Etiquetas

sábado, 2 de noviembre de 2013

Empaquetado y Encapsulado

I
Los tres cabrones por fin iban a recibir su merecido.
Marcos, Alberto y Jaime quedaron en una cafetería del centro. Una para turistas, sólo que no había muchos porque hacía buen tiempo y la gente prefería pasear. Marcos, Alberto y Jaime se pidieron, cada uno, un vodka con Red Bull. Se sentaron en una mesa junto a la puerta, para poder fumar mientras bebían. Pero el camarero les amenazó con echarles por encontrarse dentro del local, así que se bebieron la copa de un trago y se largaron.
En el metro, Marcos le dejó su asiento a una anciana; Jaime, a una chica embarazada; Alberto miró, desafiante, a una colombiana de sesenta años que aguardaba a que él siguiera el ejemplo de sus amigos. Los tres la vieron desplazarse lentamente, agarrándose a los barrotes, hasta el otro extremo del vagón.
El metro llegó hasta Pitis. Fueron los tres únicos que se bajaron. En el andén, resonaron sus pisadas. Jaime se volvió un momento: creyó haber oído algo tras ellos.
- Venga, tío – dijo Alberto, y siguieron andando.

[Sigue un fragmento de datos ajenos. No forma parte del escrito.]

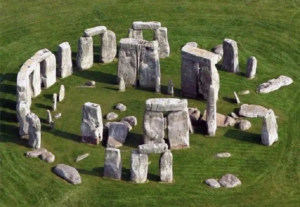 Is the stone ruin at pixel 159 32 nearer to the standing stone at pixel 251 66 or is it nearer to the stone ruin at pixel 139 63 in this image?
the stone ruin at pixel 139 63

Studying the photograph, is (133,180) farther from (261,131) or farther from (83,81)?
(83,81)

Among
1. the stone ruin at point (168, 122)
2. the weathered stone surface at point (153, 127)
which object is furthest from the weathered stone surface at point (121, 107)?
the weathered stone surface at point (153, 127)

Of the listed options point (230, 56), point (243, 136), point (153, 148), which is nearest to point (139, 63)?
point (230, 56)

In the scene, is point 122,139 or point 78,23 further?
point 78,23

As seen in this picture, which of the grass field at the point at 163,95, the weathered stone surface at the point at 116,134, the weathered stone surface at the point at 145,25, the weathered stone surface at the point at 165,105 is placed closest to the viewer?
the grass field at the point at 163,95

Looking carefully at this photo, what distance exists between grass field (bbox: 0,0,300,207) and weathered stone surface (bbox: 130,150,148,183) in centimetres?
31

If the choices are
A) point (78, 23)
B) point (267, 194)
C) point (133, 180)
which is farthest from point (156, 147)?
point (78, 23)

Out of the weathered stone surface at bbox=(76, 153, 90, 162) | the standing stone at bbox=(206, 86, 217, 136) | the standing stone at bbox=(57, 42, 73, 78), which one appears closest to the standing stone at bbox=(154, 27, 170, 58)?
the standing stone at bbox=(57, 42, 73, 78)

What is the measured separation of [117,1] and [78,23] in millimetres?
3337

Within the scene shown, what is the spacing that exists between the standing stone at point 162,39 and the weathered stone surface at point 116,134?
28.1 ft

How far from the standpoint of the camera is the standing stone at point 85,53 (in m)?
45.6

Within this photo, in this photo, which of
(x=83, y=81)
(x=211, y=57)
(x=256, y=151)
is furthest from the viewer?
(x=83, y=81)

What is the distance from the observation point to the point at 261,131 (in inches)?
1578

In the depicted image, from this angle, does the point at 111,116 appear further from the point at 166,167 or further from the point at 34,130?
the point at 166,167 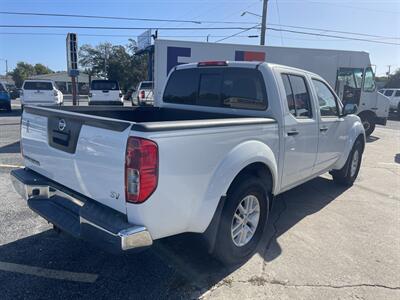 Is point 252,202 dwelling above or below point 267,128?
below

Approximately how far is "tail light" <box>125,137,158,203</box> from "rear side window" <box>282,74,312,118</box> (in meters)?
2.23

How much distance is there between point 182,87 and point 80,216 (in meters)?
2.66

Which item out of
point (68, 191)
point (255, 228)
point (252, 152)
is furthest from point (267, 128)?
point (68, 191)

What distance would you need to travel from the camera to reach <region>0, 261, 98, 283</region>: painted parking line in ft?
9.91

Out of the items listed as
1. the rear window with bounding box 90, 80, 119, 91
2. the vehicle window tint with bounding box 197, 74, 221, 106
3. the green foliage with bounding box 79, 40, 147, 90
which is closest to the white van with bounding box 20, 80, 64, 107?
the rear window with bounding box 90, 80, 119, 91

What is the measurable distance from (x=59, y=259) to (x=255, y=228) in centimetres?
202

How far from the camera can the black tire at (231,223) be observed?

Al pie de las escaleras mecánicas les asaltó el guardia de seguridad con un trabajador de la red de metro. Les pidieron sus billetes. No lo sabían, pero los tres pensaron lo mismo en ese momento: o accedían al requerimiento, o los mataban. Y cualquiera de ellos tres podría ser, perfectamente, ese segurata. De su edad, delgado, horas en el gimnasio, acento cerrado, un tatuaje asomando por la manga… 
Marcos, Alberto y Jaime abrieron sus carteras y enseñaron sus billetes.

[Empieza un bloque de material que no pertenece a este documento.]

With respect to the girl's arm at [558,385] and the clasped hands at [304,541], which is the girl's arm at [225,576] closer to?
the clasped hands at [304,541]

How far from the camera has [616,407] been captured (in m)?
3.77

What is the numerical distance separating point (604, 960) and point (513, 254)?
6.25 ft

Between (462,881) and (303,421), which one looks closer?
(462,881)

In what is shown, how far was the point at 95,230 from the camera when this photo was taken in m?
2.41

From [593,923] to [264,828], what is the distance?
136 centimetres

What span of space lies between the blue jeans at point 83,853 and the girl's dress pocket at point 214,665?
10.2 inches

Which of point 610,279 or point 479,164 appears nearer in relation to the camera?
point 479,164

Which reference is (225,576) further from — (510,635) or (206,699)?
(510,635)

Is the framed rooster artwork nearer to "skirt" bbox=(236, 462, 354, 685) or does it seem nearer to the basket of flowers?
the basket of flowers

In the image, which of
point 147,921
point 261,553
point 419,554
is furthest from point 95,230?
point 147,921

- Van a recibir su merecido.
- Cabrones.
- Por fin.

Estaban de pie. A doscientos metros de Grupofarmacia Empaquetado y Encapsulado S.A. Habían trabajado allí durante cuatro años. Cuatro largos años. Nadie los veía, ni entonces, ni ahora: era de noche, iban de negro. La nave industrial esperaba, como una fosa común, su llegada. 

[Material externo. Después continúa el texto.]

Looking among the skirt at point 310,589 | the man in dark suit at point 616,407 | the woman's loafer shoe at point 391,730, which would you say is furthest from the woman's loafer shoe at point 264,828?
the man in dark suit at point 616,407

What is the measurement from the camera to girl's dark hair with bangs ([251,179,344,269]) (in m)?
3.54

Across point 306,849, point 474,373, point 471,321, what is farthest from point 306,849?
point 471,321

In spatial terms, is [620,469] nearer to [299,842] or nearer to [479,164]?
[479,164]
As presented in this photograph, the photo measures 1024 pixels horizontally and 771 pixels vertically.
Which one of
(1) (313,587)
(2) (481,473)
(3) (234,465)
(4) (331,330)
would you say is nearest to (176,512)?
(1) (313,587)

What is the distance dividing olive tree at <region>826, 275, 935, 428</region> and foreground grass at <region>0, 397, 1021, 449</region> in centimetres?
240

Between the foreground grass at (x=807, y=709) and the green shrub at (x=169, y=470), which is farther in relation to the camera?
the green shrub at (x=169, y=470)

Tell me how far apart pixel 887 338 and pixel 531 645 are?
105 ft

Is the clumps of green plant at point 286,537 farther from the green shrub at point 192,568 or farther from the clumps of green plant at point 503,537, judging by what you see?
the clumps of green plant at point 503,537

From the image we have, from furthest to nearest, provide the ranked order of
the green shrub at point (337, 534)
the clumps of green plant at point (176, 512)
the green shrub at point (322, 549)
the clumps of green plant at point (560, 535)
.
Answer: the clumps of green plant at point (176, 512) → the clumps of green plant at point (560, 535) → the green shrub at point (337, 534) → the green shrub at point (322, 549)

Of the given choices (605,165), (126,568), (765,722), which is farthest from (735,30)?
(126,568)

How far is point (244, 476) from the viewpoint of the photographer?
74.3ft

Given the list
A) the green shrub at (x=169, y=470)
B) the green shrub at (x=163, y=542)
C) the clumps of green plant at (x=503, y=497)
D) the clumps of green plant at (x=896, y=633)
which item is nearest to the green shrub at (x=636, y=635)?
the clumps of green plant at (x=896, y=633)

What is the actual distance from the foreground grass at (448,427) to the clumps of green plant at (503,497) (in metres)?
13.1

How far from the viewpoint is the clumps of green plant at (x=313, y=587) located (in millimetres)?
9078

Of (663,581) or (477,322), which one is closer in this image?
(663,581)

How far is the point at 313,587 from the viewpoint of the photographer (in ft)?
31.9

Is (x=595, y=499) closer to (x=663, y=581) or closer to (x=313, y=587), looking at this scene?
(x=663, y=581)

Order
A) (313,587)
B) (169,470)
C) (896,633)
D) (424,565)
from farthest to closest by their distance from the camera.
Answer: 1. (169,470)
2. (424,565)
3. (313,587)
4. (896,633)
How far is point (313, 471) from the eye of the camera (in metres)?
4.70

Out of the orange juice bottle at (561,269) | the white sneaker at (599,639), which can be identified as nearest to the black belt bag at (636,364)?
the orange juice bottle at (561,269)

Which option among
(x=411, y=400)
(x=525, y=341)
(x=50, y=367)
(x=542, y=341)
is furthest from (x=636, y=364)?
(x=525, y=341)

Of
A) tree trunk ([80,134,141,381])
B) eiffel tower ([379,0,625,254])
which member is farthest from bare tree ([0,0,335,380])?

Empezaron a atravesar el descampado. Jaime metió la mano en el bolsillo de su sudadera y agarró la navaja: a veces, había yonquis por allí, aunque el poblado estaba al otro lado. 
Por la carretera zumbó un coche. Los tres jóvenes lo vieron pasar, como una rara fuga lumínica extraterrestre. Después, de nuevo el silencio angustioso de la noche.
Saltaron la valla de seguridad. Sin alarmas, sin vigilancia: justo por el sitio que Darío les había dicho que era el punto ciego. 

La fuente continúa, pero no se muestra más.